Total SA (FP), Europe’s third-largest oil producer, reported a 7 percent decline in earnings as output fell and weakening fuel demand pushed down the price of crude.
Profit excluding changes in inventories retreated to 2.9 billion euros ($3.8 billion) in the first quarter from 3.1 billion euros a year earlier, the Paris-based company said today in a statement. That met the 2.92 billion-euro average estimate of 14 analysts surveyed by Bloomberg.
Production slipped 2 percent to 2.32 million barrels of oil equivalent a day as Total suffered the shutdown of a platform in the North Sea. The effect of lower volumes was compounded by sliding Brent-crude prices, which averaged $112.61 a barrel in the quarter, down 4.9 percent as economic stagnation cut demand.
The results were “below our expectations with disappointing production,” said Alexandre Andlauer, an analyst at Alphavalue SAS in Paris.
Total retreated 1.4 percent to close at 37.55 euros. The company will pay a quarterly dividend of 59 cents a share, unchanged from the previous quarter.
Net income slumped 58 percent following a $1.65 billion writedown for canceling the Voyageur Upgrader project in Alberta, which was beset by rising labor costs and a discount on the price of Canadian heavy crude.
Total has failed to raise quarterly output, when compared with year-earlier figures, since the last three months of 2010. Chief Executive Officer Christophe de Margerie has pledged to boost volumes, targeting production growth of an average 3 percent a year through 2015. Output may reach about 3 million barrels of oil equivalent a day in 2017.
“We remain confident Total can hit guidance of 3 percent production growth this year,” Oswald Clint, a London-based analyst at Sanford C. Bernstein & Co., wrote today in a report. Total has the best exploration assets of any of the big oil companies, he said.

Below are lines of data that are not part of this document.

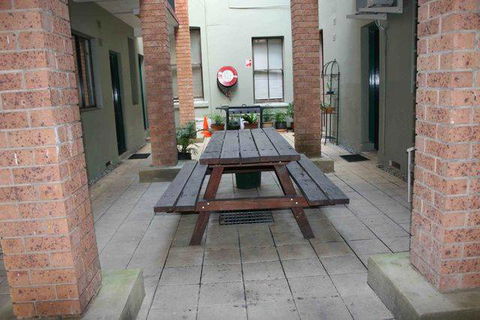 Alpine Heritage Motel - QLD Tourism 1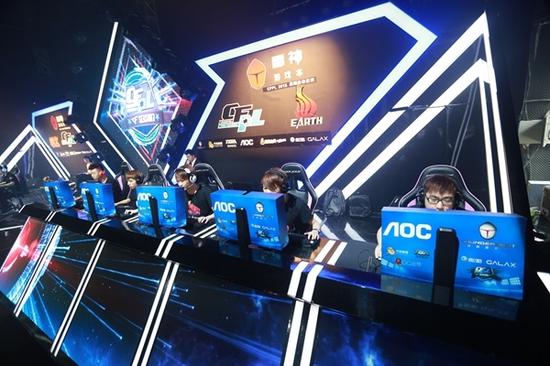 单板滑雪在 单板滑雪在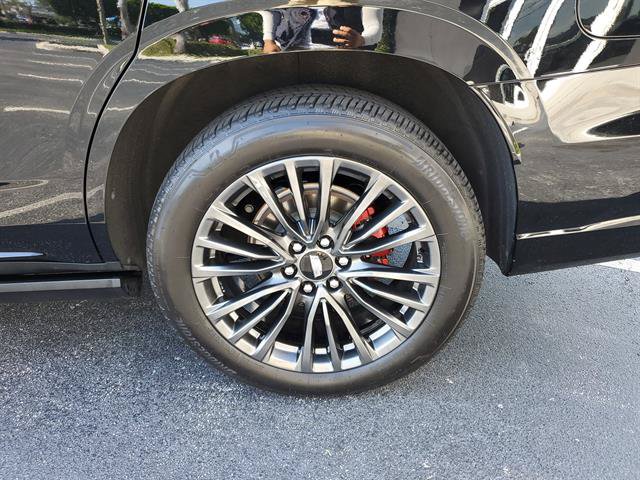 Certified 2023 Cadillac Escalade V AWD/4WD image 14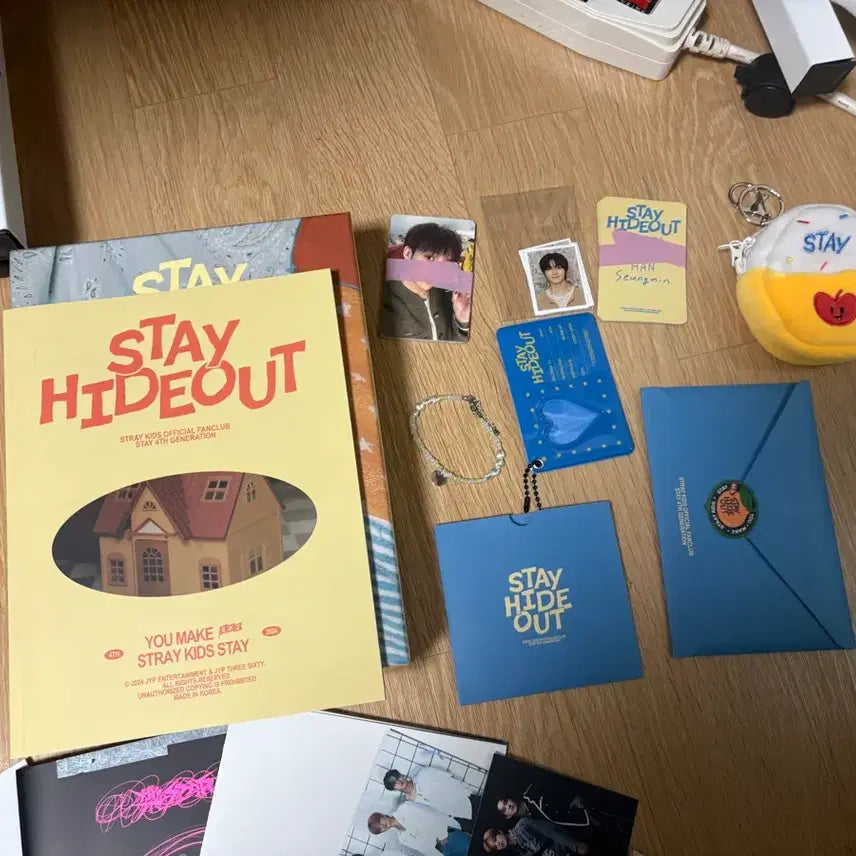 [BUNJANG] Stray Kids 4th Generation Fanclub Goods Bundle Set / ((((급처)))) 스키즈 4기 굿즈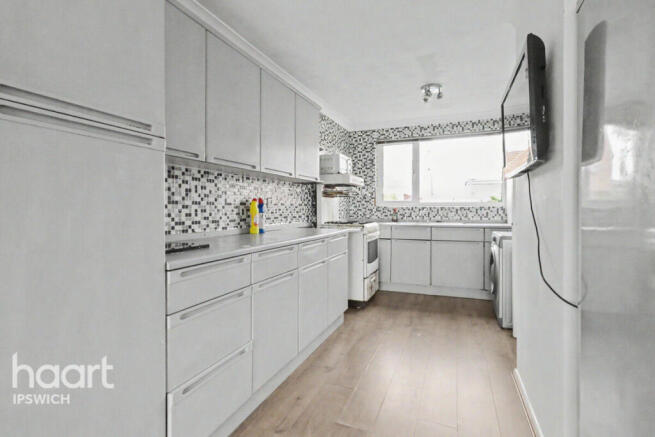 3-bed terraced on Rodney Court, Woodbridge, £210,000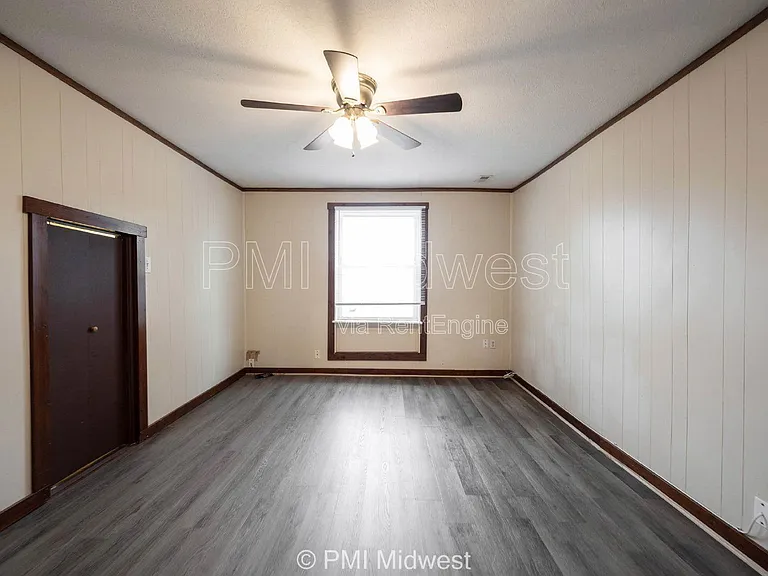 411.5 S East St — Photo 2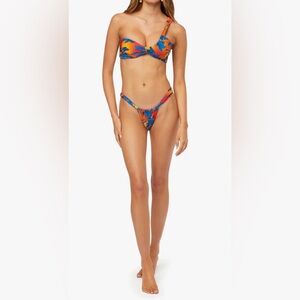 NWT - WeWoreWhat Tropic Bikini Top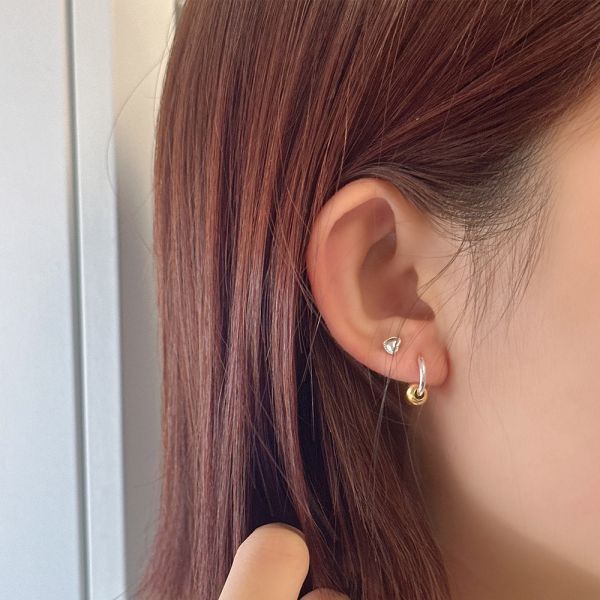 貓眼圓珠 金銀撞色 易扣耳環 韓系純銀耳環,S925抗敏耳釘,女生氣質耳環推薦,小巧純銀耳環,抗敏耳環不過敏,百搭日常耳環,簡約韓系耳飾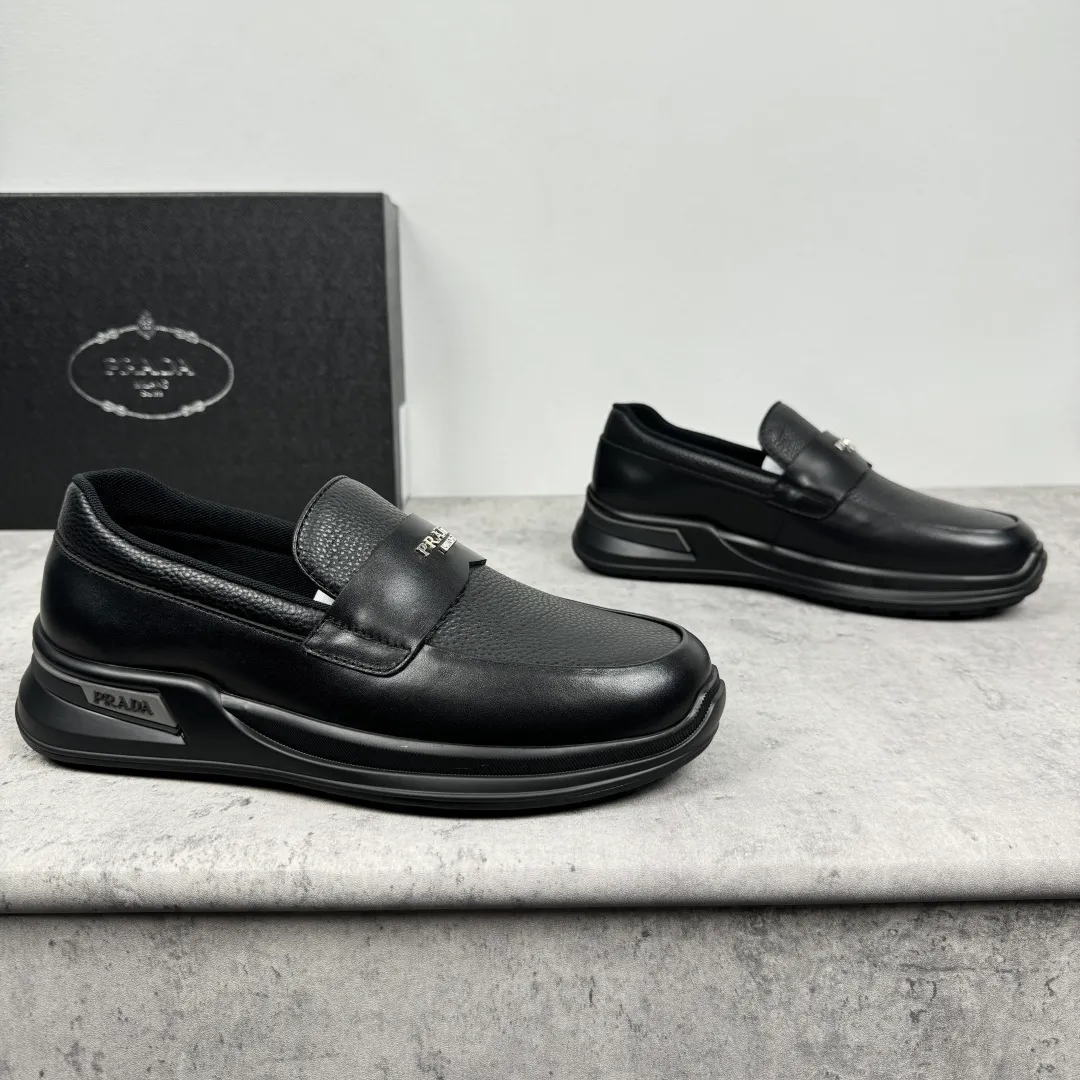 Batch 700 Prada/Prada men's matte leather thick-soled lightweight loafers! Casual fit, lightweight rubber sole slip-on driving shoes, matte calfskin wrapped around the entire upper, front body in pebbled calfskin/soft cloth, two styles available! Decorated with genuine leather buckle, front decorative details of PRADA silver letters, genuine leather feet, classic silver letter logo badge details, technical mesh lining, push-on opening and closing method, convenient and comfortable, cool and breathable! Paired with a lightweight, sporty functional thick sole, it is extremely comfortable on the feet and will not be tiring after long-term wear. It is available in multiple colors to meet different matching needs and comes with a complete package! Size: 39-40-41-42-43-44 Leather shoe size Item number: 2EE915 full leather black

Royal Dutch Shell Plc (RDSA) and BP Plc (BP/), Europe’s largest oil producers, will post lower quarterly profit when they announce results next week, analysts’ estimates show. Exxon Mobil Corp. (XOM), the world’s largest oil company by value, yesterday reported earnings that were little changed as widening profit margins in its chemicals business made up for lower oil output and prices.

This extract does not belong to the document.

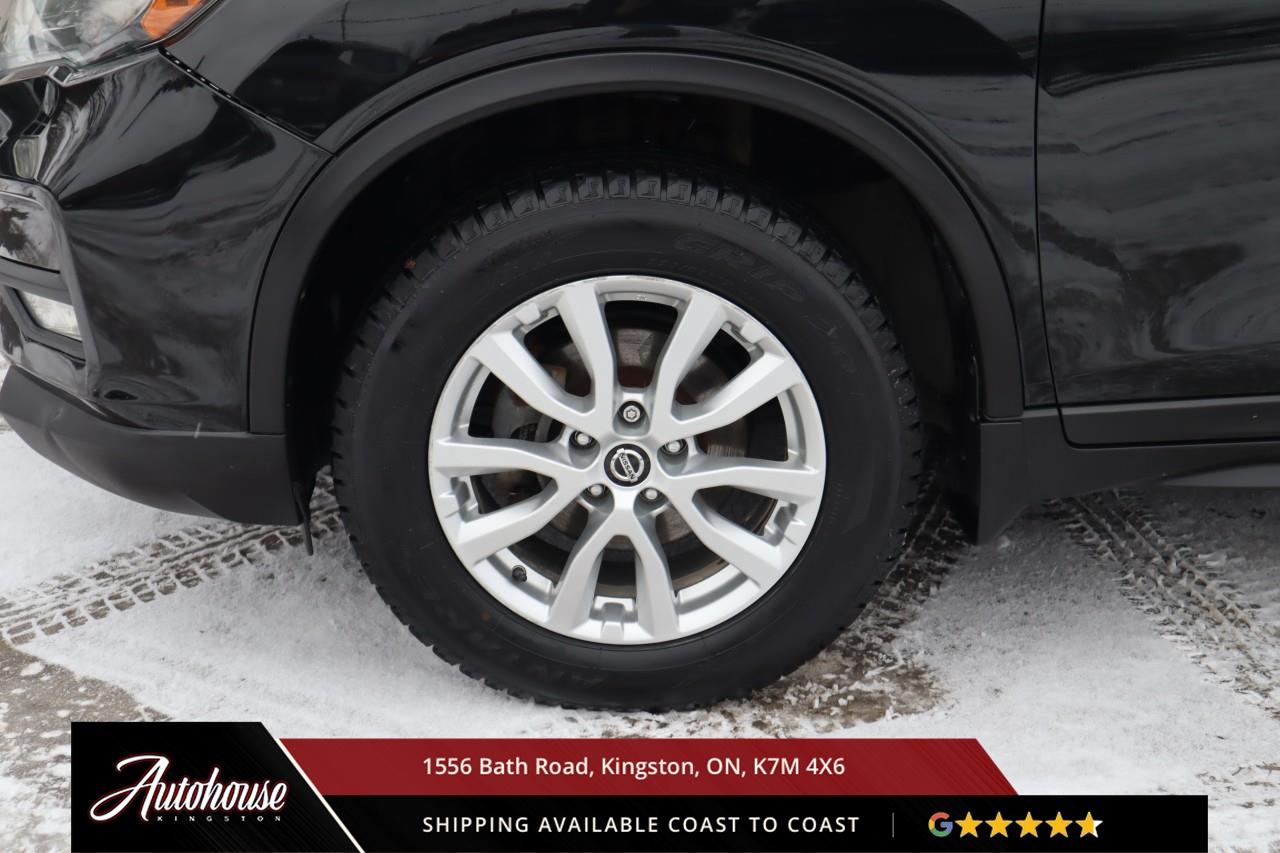 2020 Nissan Rogue SV PANORAMIC SUNROOF - REMOTE START Photo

Total’s refining and petrochemicals division posted adjusted operating income of 410 million euros in the quarter, compared with a loss of 43 million euros the previous year. European refining and petrochemicals margins have been “trending favorably” in the second quarter, the company said.
Total’s Elgin platform in the North Sea was shut for most of the reporting period following a natural-gas leak in March 2012. Production resumed on March 9 this year, and is now about half its level before the incident.
The company’s targeted increase in output is dependent on the timely startup of new projects, including the Sulige gas deposit in China and Kazakhstan’s Kashagan field. Total expects these new ventures to add 160,000 barrels a day. It’s also investing in shale drilling in the U.S., a refinery in the Middle East and offshore gas in Australia and the North Sea.
The company, which has pledged to explore more aggressively for reserves, said yesterday it found oil in the Ivoire-1X exploration well in the western portion of Block CI-100 in Ivory Coast.
“We haven’t yet found the elephant we are looking for,” Chief Financial Officer Patrick de la Chevardiere said today on a conference call. Explorers use the term “elephant” for giant discoveries.